SAARC Meteorological Research Centre
- Formation: 1995
- Dissolved: 2015
- Headquarters: Dhaka, Bangladesh
- Region served: Bangladesh
- Official language: Bengali

= SAARC Meteorological Research Centre =

The SAARC Meteorological Research Centre was a meteorological research centre in Dhaka, Bangladesh which was operated by the South Asian Association for Regional Cooperation.

== History ==
The SAARC Meteorological Research Centre was established on 2 January 1995 by the South Asian Association for Regional Cooperation.

Brigadier General Shah Md Sultan Uddin Iqbal was appointed the Chairperson of the SAARC Meteorological Research Centre in November 2007.

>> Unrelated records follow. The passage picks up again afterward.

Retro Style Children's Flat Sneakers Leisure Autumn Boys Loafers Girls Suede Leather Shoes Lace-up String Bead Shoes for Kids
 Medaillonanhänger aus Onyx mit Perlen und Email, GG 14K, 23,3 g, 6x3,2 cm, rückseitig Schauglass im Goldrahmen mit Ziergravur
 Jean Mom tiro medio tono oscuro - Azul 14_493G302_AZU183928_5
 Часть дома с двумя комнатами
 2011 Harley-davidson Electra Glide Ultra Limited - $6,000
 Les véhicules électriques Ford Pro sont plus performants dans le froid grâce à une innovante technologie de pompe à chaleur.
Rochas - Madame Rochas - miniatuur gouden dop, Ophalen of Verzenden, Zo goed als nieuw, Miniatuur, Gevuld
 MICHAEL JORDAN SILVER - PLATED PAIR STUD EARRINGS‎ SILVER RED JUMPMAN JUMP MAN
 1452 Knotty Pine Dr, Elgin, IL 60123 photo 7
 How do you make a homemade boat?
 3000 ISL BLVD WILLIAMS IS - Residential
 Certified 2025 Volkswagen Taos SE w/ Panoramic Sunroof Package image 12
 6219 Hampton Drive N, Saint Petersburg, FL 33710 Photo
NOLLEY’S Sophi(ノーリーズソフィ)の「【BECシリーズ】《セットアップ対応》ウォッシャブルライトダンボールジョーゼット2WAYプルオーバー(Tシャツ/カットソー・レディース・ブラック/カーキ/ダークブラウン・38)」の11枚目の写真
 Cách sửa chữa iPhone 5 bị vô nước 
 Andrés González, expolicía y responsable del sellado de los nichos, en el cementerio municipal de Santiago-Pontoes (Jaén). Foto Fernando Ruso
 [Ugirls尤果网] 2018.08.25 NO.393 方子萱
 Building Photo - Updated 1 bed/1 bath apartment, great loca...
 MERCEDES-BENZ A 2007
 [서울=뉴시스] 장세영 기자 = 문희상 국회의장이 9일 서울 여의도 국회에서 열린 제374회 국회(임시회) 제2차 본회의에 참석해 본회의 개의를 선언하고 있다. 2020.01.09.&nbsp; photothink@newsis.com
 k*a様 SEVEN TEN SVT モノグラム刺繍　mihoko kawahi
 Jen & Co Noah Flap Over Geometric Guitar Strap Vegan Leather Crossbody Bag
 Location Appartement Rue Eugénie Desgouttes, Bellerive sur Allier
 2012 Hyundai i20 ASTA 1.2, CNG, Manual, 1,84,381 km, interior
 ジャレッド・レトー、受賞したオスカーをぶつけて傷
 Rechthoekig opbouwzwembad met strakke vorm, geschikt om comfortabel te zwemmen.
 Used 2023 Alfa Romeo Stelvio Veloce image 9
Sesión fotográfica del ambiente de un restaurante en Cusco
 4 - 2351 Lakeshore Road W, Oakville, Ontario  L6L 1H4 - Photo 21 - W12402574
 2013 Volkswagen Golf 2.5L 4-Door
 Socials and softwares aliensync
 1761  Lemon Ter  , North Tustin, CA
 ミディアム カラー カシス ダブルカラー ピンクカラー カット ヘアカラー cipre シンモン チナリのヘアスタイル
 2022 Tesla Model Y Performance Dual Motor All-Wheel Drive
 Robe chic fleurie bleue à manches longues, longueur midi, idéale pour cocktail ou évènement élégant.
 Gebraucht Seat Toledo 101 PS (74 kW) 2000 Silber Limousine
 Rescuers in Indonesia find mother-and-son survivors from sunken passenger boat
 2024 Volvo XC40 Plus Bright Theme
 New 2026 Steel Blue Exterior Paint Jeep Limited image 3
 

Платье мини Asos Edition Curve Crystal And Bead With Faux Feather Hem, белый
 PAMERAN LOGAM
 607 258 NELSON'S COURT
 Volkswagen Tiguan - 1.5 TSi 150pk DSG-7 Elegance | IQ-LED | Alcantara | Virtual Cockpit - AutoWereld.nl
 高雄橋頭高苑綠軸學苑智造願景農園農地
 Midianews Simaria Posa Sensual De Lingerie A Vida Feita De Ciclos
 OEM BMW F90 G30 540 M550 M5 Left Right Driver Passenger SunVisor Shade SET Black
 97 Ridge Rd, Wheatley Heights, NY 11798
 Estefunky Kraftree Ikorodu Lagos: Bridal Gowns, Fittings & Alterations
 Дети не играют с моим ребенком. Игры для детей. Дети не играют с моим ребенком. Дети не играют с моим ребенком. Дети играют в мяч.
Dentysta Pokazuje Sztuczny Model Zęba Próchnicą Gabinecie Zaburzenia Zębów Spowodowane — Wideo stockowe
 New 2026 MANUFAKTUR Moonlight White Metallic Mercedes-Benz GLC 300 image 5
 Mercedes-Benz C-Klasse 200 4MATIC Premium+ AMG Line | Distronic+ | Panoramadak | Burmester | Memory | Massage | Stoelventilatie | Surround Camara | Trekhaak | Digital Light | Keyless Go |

In 2008, the SAARC Meteorological Research Centre started providing future climate scenario predictions for South Asia. The development was announced by the Director General of SAARC Meteorological Research Centre, Kazi Imtiaz Hossain.

In 2010, it was announced that the SAARC Meteorological Research Centre would create the SAARC Monsoon Initiative to study monsoon weather.

In 2015, the SAARC Meteorological Research Centre was closed permanently to be replaced by SAARC Environment and Disaster Management Centre. The centre had published 150 research papers. The staff were surprised by the decision and requested the government of Bangladesh to transfer them to Bangladeshi government research institutes. The SAARC Forestry Centre, based in Bhutan, and SAARC Coastal Zone Management Centre, based in Maldives, were also merged into the SAARC Environment and Disaster Management Centre, based in Gujarat, India.